▸ **DATASET RECORDS**

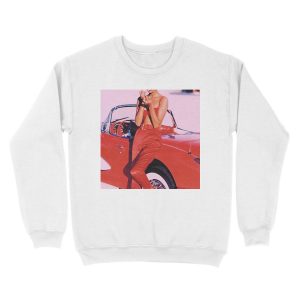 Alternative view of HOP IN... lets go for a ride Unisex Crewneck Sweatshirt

--

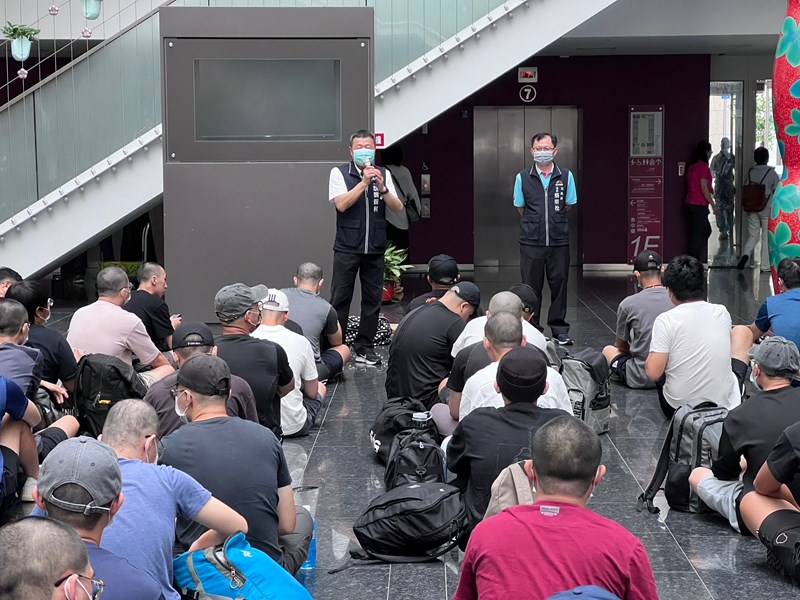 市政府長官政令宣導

==

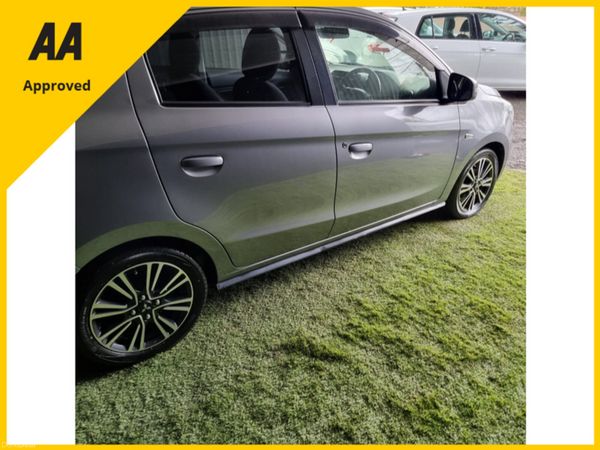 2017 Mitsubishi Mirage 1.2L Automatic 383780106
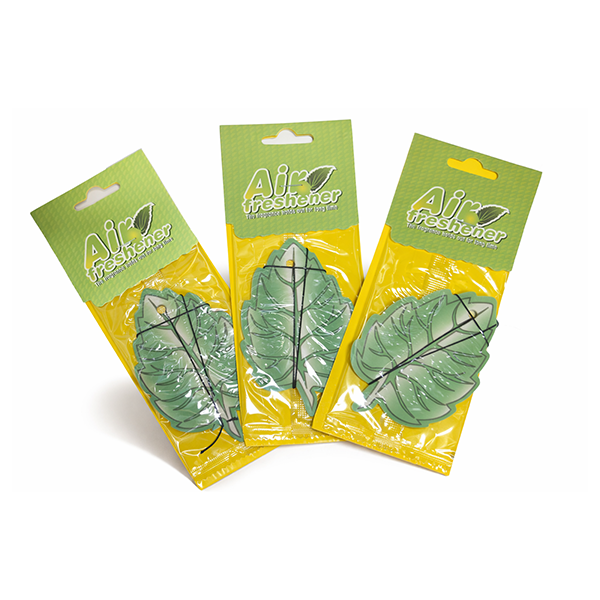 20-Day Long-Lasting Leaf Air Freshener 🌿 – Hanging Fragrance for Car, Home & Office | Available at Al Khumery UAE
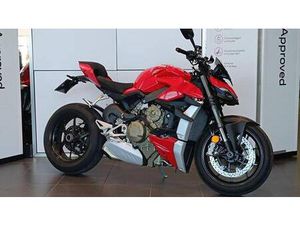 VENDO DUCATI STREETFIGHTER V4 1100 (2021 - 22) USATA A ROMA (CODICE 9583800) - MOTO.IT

▸ **REQUIRED ACTION**
Go to the line above that has "20-Day Long-Lasting Leaf" and copy exactly from there down to the line that has "VENDO DUCATI STREETFIGHTER", both included. Leave the pictures out.

▸ **TASK RESULT**
 20-Day Long-Lasting Leaf Air Freshener 🌿 – Hanging Fragrance for Car, Home & Office | Available at Al Khumery UAE
 VENDO DUCATI STREETFIGHTER V4 1100 (2021 - 22) USATA A ROMA (CODICE 9583800) - MOTO.IT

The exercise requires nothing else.